REMOVAL & INSTALLATION
See Figures 1 through 15
- Remove 1 / 2 of the brake fluid from the master cylinder reservoir.
- Raise and safely support the vehicle.
- Remove the wheel and tire assembly.
- Remove the caliper-to-steering knuckle mounting bolts.
- Lift the caliper off of the steering knuckle and support it using mechanics wire or another suitable device to prevent damage to the brake hose.
It may be necessary to compress the piston slightly to allow the removal of the caliper.
- Remove the outboard disc brake pad from the caliper.
- Remove the inboard disc brake pad from the brake caliper.
- Thoroughly clean the caliper and the steering knuckle where the pads contact.
- If installing new disc brake pads, use a C-clamp or similar tool to push the caliper piston into the caliper bore. This will allow room for the new pads.
- Coat the new pads with a suitable anti-squeal lubricant.
- Place the outboard disc brake pad into position on the caliper ensuring that the mounting dowels are aligned with the holes in the caliper.
- Place the inboard disc brake pad into the caliper piston and engaging the retaining clip.
- Thoroughly clean the 2 mounting bolt sleeves and apply an appropriate coating of brake caliper slide grease, or another suitable lubricant.
- Position the disc brake caliper onto the rotor.
- Install the 2 mounting bolts and torque to 40 ft. lbs. (54 Nm).
- Reinstall the wheel and tire assembly. Torque the lug nuts to 100 ft. lbs. (140 Nm).
- Lower the vehicle.
- Pump the brake pedal several times to achieve a good pedal before attempting to move the vehicle.
- With an assistant depressing the brake pedal, you must clinch the outboard shoe tabs so they are locked tightly in position.
- Check the brake fluid level in the master cylinder fluid reservoir and add fluid as necessary.
- Road test the vehicle and check for proper brake system operation.
See Figure 16
- Raise and support the vehicle.
- Remove the tire and wheel.
- Looking down through the inspection hole on the top of the caliper, inspect the brake pads. If the lining is worn down to within 1 / 32 in. (0.8mm) of the shoe, the pads must be replaced.
This figure may disagree with your state's automobile inspection laws.
If the brake lining is soaked with brake fluid or grease, it must be replaced. If this is the case, the brake rotor should be sanded with crocus cloth to remove all traces of brake fluid, and the calipers and lines should be inspected for leaks.

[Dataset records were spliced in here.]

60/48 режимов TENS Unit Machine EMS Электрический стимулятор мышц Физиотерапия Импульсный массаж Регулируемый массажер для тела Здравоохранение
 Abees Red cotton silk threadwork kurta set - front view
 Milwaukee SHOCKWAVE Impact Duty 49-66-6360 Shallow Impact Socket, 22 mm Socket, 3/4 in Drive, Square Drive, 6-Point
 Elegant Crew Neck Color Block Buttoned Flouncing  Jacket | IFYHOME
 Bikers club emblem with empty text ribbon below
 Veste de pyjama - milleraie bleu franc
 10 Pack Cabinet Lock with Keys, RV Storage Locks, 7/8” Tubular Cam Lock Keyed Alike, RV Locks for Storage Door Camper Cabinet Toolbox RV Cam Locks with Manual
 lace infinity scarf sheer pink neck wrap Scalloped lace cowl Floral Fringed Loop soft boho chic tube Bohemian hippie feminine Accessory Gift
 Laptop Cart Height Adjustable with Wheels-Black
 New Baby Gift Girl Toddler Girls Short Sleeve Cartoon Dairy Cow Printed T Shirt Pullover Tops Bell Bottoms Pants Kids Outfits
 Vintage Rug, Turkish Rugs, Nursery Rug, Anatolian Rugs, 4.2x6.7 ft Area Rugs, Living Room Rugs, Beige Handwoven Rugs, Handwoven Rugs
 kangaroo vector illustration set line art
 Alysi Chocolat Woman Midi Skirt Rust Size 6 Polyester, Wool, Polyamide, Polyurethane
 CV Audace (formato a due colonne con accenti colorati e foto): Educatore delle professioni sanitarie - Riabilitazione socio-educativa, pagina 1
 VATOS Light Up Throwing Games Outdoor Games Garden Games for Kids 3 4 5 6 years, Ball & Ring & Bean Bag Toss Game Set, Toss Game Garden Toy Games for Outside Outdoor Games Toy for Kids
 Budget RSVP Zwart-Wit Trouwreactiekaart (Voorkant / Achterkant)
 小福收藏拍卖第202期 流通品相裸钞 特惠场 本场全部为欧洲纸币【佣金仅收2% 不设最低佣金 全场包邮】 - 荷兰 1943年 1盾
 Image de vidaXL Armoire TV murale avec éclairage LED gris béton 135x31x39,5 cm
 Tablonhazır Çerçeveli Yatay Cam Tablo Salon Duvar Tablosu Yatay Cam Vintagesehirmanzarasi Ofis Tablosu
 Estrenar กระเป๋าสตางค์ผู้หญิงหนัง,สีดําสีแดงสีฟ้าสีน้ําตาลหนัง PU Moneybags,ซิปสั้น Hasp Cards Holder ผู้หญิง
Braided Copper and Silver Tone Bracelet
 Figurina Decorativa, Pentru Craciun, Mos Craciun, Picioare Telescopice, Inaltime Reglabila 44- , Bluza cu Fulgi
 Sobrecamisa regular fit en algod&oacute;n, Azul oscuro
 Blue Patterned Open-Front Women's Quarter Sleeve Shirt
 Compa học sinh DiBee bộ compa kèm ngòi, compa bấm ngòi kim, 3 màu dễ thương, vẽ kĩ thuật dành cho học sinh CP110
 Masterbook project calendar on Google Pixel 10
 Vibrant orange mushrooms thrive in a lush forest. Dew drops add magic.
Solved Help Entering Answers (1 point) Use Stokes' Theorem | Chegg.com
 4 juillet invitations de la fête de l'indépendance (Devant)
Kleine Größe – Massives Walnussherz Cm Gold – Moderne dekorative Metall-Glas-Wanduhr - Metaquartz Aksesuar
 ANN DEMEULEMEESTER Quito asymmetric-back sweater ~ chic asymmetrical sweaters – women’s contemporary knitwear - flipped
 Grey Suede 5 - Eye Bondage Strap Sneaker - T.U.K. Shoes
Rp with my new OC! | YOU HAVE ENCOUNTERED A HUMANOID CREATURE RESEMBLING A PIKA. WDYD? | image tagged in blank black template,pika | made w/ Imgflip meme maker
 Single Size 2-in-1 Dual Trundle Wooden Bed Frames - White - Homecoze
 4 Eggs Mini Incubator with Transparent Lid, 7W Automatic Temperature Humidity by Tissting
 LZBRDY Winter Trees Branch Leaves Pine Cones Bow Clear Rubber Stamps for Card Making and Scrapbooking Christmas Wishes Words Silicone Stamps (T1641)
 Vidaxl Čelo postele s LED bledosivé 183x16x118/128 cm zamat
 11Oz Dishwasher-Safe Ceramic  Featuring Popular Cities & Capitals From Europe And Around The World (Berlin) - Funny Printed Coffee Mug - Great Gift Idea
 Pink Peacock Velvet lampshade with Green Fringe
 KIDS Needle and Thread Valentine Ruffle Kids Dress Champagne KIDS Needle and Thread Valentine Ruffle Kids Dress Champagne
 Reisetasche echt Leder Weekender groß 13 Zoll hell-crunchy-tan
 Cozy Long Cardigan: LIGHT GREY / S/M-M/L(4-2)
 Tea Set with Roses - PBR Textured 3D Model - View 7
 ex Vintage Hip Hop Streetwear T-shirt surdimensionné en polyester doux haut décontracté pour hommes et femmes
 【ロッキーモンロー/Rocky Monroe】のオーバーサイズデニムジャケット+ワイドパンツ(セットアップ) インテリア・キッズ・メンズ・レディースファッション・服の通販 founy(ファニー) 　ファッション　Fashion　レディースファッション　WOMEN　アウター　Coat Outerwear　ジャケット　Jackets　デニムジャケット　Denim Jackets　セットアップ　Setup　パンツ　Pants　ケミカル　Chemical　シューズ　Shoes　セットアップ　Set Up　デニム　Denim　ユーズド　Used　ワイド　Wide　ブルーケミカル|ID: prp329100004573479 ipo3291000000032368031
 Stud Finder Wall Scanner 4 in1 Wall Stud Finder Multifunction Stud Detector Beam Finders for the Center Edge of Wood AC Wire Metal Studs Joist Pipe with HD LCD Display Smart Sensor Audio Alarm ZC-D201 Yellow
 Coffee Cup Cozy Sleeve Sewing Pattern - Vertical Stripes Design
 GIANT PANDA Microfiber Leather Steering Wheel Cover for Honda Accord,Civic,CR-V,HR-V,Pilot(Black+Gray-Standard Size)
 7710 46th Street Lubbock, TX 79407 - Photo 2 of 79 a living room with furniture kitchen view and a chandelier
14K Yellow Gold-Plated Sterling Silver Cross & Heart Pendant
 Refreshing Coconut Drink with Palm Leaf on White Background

If the lining is chipped, cracked, or otherwise damaged, it must be replaced with a new lining.
Always replace the brake linings in sets of two on both ends of the axle. Never replace just one pad, or both on one side and not the other. When replacing the brakes, it is a good idea to replace one side at a time so that you always have an example to refer to if you get confused during reassembly.